A high profile security threat that is constantly evolving and exploiting old, outdated software is ransomware. Ransomware is a prevalent threat that infects a computer or network, hijacks and encrypts the files and holds the firm’s data ransom for payment in untraceable Bitcoins. Often police and the FBI will concede infected users may need to pay the ransom to free the files. The ransomware builders are becoming bolder and more sophisticated. They are building in countdown clocks to pressure victims and will delete files if the ransom is not paid quickly. The ransomware code is delivered often by exploiting vulnerabilities in software like Adobe Reader by tricking a recipient to open a PDF document or run a macro in a Word document sent via email. Even with a completely up to date system with excellent security protection companies are getting hit with ransomware. However, hackers like easy targets. They are now intentionally exploiting hospitals, municipalities, and schools – entities that often run out of date and old systems.  A few years ago law firms were targets of spoofed emails appearing to come from the state disciplinary agency or bar association.
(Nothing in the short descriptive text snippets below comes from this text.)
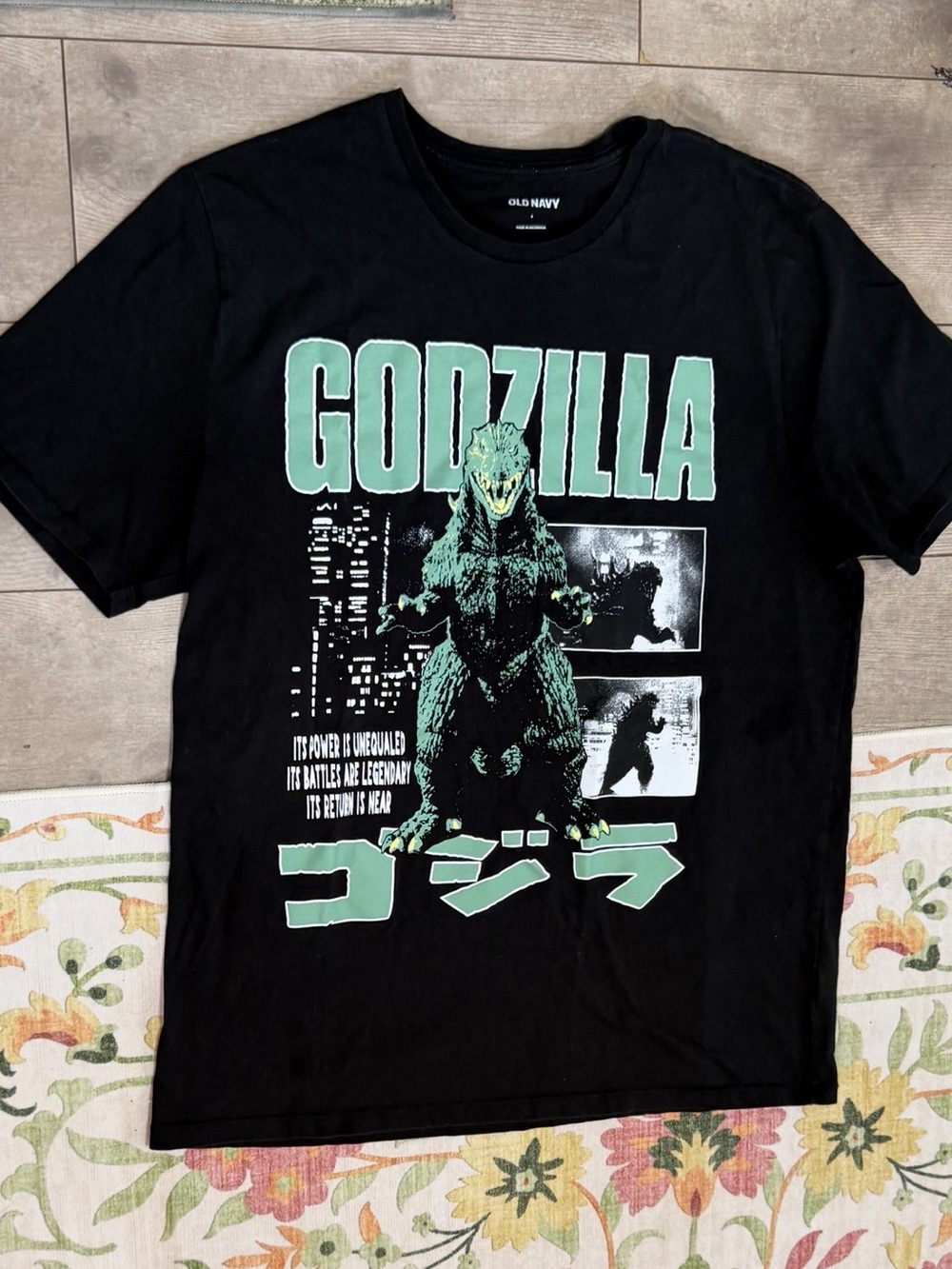 Old Navy Godzilla Graphic T-Shirt Men’s L Black 100% Cotton Kaiju Tee
New witho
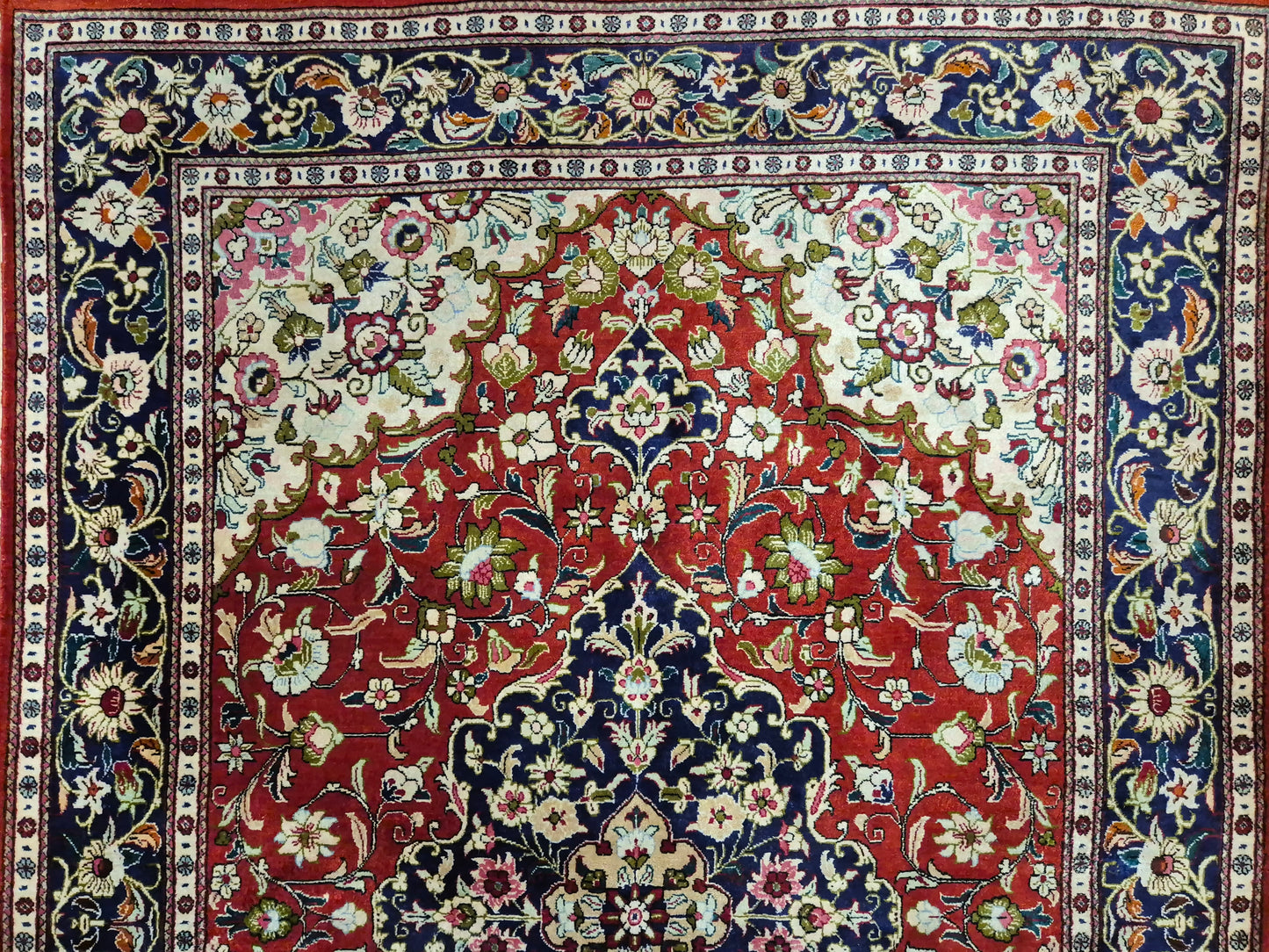 Ghom Seide Teppich Seide auf Seide Medaillon florales Muster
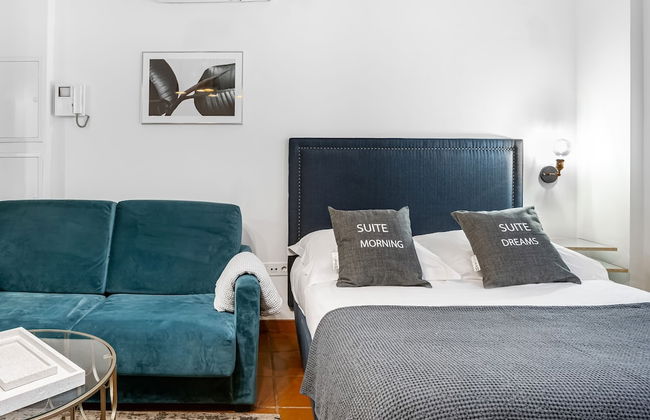 Limehome Granada Calle Sta. Ana - Foto 12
These emails are well written, personalized messages claiming a disciplinary complaint has been filed or that membership has lapsed.  What will be next?

What to Do?

In addition to replacing outdated software and keeping current software patched and updated, firms must maintain constant vigilance against social engineering and train all staff and lawyers to be wary.  Social engineering is a method of tricking a person to open the door for malicious attacks, and usually prey on fear, vanity, or the desire to help someone in need. Most all have seen them: the direct message from Twitter from someone you know asking “what are you doing in this video?”; the email from a friend needing you to send money via electronic transfer because she lost her wallet while traveling outside of the country; the email from the Better Business Bureau requesting you to click through to see a negative report that has been filed; and the list goes on. Learn to recognize the signs, practice defensive computing, and exercise skepticism to avoid having one of these tricks best someone in the firm.

Current (Technology) Awareness

Most of the time if Google or Dropbox or other large provider has a security issue the news will make the headlines. Take a quick look at the technology section of the daily news (site/show/program) for any breaking headlines. Legal technology and security blogs, like Sharon Nelson’s Ride the Lightning or the free daily ABA Journal email are also fantastic resources for the current thought on “is it secure enough for a lawyer?”.  Keep an eye out for press releases, social media notification, email alerts, and blogs for information you may need to know from products that are used in the firm.  Feel free to contact the NCBA CPM with questions.

Conclusion

Technology can be extremely beneficial for lawyers and their clients, but it does not come without risk. Not updating your technology may provide short term savings but will be very costly in the long run. Running old, unpatched and out of date software increases the firm’s exposure to ransomware and viruses. Additionally, last minute system upgrades and updates can be extra costly if they necessitate new hardware and other software updates, precipitate the need for training, or cause disruptions such as downtime. Keeping office technology up to date and following best practices for basic security will help you stay competent and guard client confidentiality.